> Data listing:
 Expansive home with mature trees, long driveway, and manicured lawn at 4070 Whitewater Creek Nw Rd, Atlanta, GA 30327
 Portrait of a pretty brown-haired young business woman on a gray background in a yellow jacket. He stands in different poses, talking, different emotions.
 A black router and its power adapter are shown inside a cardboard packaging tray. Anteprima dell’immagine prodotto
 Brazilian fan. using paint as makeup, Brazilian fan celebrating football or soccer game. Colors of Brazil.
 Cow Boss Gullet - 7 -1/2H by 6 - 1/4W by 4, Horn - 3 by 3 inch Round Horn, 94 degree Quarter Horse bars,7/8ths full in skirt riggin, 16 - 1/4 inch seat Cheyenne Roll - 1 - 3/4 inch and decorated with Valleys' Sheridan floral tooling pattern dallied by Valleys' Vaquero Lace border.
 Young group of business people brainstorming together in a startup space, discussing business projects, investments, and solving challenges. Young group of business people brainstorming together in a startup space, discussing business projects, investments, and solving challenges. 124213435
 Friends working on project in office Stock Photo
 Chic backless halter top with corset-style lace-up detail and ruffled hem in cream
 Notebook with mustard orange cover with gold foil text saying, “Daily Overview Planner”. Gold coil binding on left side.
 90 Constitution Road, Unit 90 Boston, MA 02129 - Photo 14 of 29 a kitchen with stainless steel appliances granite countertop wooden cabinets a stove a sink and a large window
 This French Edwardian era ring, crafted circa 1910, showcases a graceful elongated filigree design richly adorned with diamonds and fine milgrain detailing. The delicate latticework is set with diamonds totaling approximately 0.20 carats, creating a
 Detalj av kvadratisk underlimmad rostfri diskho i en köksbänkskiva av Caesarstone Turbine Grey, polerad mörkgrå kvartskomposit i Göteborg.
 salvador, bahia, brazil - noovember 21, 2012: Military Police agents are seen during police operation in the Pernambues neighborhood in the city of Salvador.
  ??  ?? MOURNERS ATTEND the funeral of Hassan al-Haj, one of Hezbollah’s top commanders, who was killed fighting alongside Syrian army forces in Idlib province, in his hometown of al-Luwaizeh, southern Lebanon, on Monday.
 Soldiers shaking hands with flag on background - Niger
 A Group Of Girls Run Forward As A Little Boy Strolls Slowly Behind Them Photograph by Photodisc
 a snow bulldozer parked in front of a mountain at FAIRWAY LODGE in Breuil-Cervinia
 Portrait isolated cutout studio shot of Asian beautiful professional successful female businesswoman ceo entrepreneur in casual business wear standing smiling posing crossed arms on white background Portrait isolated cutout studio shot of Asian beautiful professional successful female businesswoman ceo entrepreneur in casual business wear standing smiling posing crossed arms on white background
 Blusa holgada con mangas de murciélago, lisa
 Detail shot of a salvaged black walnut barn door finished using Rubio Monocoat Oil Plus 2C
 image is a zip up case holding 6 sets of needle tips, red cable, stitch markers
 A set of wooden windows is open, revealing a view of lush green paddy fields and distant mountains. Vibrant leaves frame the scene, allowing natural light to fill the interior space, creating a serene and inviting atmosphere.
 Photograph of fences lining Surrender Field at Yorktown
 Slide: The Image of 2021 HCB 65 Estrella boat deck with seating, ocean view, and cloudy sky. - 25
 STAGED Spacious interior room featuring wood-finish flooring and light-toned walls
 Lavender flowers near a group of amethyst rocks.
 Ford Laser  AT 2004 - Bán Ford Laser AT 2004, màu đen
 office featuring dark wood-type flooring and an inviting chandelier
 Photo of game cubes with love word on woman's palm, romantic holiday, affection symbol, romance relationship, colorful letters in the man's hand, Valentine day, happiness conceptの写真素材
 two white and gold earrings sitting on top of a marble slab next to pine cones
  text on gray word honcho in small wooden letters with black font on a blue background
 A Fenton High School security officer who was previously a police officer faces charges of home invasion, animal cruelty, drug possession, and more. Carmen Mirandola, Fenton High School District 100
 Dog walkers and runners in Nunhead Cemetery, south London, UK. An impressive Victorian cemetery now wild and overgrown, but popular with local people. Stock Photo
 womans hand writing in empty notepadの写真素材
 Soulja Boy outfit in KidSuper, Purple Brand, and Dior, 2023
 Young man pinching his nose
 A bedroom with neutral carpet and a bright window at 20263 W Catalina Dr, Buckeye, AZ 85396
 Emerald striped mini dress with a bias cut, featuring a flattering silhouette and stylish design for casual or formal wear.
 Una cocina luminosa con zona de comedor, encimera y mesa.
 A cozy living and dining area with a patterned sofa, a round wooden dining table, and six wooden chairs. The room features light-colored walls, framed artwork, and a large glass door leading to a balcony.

> Activity: Give back the records above exactly, limited to the lines between the one holding "Cow Boss Gullet" and the one holding "a snow bulldozer", inclusive.

> Response box:
 Cow Boss Gullet - 7 -1/2H by 6 - 1/4W by 4, Horn - 3 by 3 inch Round Horn, 94 degree Quarter Horse bars,7/8ths full in skirt riggin, 16 - 1/4 inch seat Cheyenne Roll - 1 - 3/4 inch and decorated with Valleys' Sheridan floral tooling pattern dallied by Valleys' Vaquero Lace border.
 Young group of business people brainstorming together in a startup space, discussing business projects, investments, and solving challenges. Young group of business people brainstorming together in a startup space, discussing business projects, investments, and solving challenges. 124213435
 Friends working on project in office Stock Photo
 Chic backless halter top with corset-style lace-up detail and ruffled hem in cream
 Notebook with mustard orange cover with gold foil text saying, “Daily Overview Planner”. Gold coil binding on left side.
 90 Constitution Road, Unit 90 Boston, MA 02129 - Photo 14 of 29 a kitchen with stainless steel appliances granite countertop wooden cabinets a stove a sink and a large window
 This French Edwardian era ring, crafted circa 1910, showcases a graceful elongated filigree design richly adorned with diamonds and fine milgrain detailing. The delicate latticework is set with diamonds totaling approximately 0.20 carats, creating a
 Detalj av kvadratisk underlimmad rostfri diskho i en köksbänkskiva av Caesarstone Turbine Grey, polerad mörkgrå kvartskomposit i Göteborg.
 salvador, bahia, brazil - noovember 21, 2012: Military Police agents are seen during police operation in the Pernambues neighborhood in the city of Salvador.
  ??  ?? MOURNERS ATTEND the funeral of Hassan al-Haj, one of Hezbollah’s top commanders, who was killed fighting alongside Syrian army forces in Idlib province, in his hometown of al-Luwaizeh, southern Lebanon, on Monday.
 Soldiers shaking hands with flag on background - Niger
 A Group Of Girls Run Forward As A Little Boy Strolls Slowly Behind Them Photograph by Photodisc
 a snow bulldozer parked in front of a mountain at FAIRWAY LODGE in Breuil-Cervinia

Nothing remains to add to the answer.